▶ Raw data:

"""

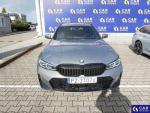 BMW Seria 3 320 Touring Diesel Mild Hybrid MR`22 E6d/e G21 Aukcja 297995 - grafika 8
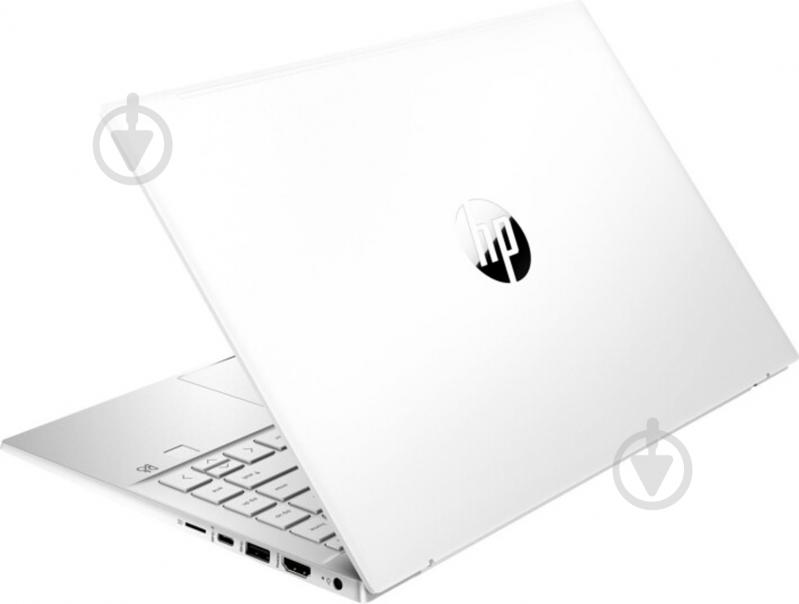 Ноутбук HP Pavilion 14-dv0032ua 14 (425F0EA) white - фото 4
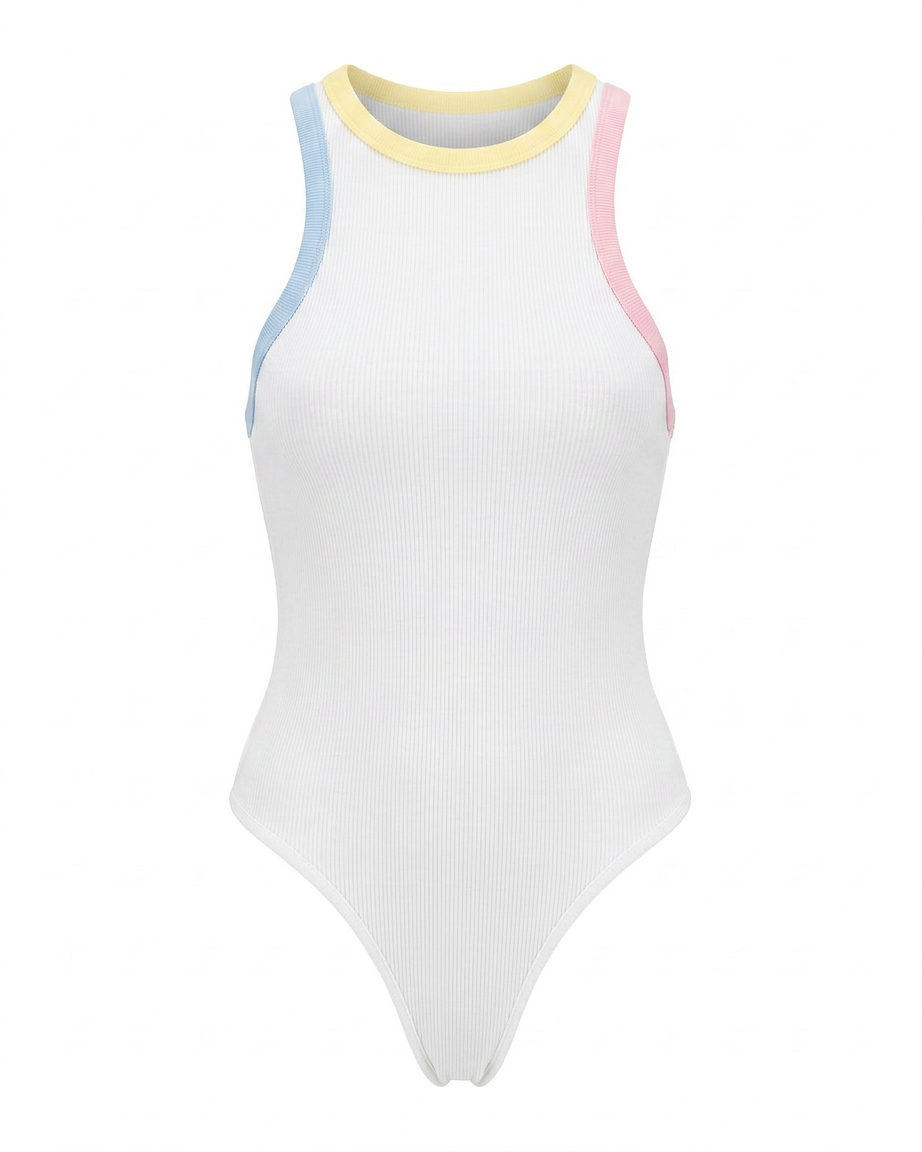 THE FORM RAINBOW BODY
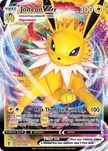 Jolteon VMAX 051/203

"""

▶ Task: The lines from the one holding "Ноутбук HP Pavilion" through the end of the material above are to be echoed exactly, both ends included. Do not include pictures.

▶ Expected output:
 Ноутбук HP Pavilion 14-dv0032ua 14 (425F0EA) white - фото 4
 THE FORM RAINBOW BODY
 Jolteon VMAX 051/203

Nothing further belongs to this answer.